On nearly every night of the year, the White House and the Republican Party conduct expensive field polls, tracking surveys and focus groups in which they test the political appeal of various potential messages. Watching Bush's Friday press conference, you can easily figure out what the numbers the night before told Karl Rove about the best way for the President to frame the interrogation dust-up.
"I am confident that I can work out a successful compromise with members of both parties." Nope. That doesn't move mid-term voters toward Republicans.
"Honorable people on both sides of the aisle have reasonable differences about how to resolve this." Uh-uh.

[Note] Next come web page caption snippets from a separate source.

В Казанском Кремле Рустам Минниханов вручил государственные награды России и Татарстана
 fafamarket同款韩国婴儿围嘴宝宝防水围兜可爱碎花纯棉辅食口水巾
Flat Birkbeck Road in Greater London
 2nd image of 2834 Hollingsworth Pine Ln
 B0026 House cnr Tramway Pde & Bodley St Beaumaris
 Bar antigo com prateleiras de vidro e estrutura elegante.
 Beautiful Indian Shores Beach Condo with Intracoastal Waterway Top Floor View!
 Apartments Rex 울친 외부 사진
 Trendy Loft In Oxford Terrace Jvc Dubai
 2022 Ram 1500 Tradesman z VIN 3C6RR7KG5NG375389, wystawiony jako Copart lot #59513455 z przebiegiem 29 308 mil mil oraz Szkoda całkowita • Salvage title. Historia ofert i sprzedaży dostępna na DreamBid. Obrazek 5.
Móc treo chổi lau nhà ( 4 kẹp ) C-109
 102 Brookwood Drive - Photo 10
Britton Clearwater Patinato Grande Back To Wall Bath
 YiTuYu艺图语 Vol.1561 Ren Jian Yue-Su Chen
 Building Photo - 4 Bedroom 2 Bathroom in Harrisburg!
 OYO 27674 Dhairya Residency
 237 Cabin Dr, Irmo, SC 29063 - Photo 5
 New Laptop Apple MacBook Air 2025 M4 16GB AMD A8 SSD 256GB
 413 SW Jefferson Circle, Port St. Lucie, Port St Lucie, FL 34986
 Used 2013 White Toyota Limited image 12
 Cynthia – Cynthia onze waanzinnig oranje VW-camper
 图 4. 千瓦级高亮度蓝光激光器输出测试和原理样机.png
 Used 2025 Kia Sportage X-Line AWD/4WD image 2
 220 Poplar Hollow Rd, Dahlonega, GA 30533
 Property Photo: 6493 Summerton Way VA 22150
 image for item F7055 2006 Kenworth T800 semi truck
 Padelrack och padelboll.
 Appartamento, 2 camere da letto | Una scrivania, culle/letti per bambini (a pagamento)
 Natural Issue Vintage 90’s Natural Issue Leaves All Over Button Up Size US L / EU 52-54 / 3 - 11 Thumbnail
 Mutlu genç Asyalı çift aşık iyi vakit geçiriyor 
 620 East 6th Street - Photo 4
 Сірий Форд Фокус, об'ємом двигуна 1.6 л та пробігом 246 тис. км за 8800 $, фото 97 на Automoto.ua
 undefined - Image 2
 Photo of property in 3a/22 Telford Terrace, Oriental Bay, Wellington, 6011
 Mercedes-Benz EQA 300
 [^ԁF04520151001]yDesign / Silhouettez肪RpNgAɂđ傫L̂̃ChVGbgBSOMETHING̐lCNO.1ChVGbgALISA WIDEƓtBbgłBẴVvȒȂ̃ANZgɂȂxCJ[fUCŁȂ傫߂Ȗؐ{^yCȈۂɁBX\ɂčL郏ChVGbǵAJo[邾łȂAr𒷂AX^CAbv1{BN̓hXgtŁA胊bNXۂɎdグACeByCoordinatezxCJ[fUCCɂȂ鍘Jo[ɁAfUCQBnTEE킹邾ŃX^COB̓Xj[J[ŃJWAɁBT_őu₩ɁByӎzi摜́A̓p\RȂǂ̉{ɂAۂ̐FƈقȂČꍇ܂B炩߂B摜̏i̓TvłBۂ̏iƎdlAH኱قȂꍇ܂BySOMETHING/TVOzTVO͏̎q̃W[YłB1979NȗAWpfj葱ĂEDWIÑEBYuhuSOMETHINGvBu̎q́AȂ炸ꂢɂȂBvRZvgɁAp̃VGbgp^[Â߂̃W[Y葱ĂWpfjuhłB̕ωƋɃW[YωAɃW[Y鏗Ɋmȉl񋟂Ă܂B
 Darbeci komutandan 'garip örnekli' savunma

Needle still stuck.
"If Congress doesn't add specificity to the Geneva Conventions, that will kill the program, hurt our fight against terrorism and endanger the American people." Yup, that's the ticket. My way or the highway. My way = safety and security. Their way = exploding hair gel.
The numbers are telling Rove that the more goat-like and belligerent Bush is, the more Bush frames the fight as my-program vs. no-program, the less he's forced to talk about Iraq and accountability, and the less the Congressional ballot tilts away from the party of Ney & DeLay.
Opposition on this issue from Senate Republicans must also play well in the overnights. The less that Congress can be depicted as a rubber stamp, the less furious voters are about the lack of checks and balances. So even if Bush loses on the issue, he wins on the politics.
My guess is that the biggest political danger Bush faces comes when this fight is framed not as a smackdown drama, but in moral terms. Not: who will win this battle? But rather: is it good or bad for captured American soldiers to lose the protection of the Geneva Conventions? I've got no doubt what the polls tell Rove about that.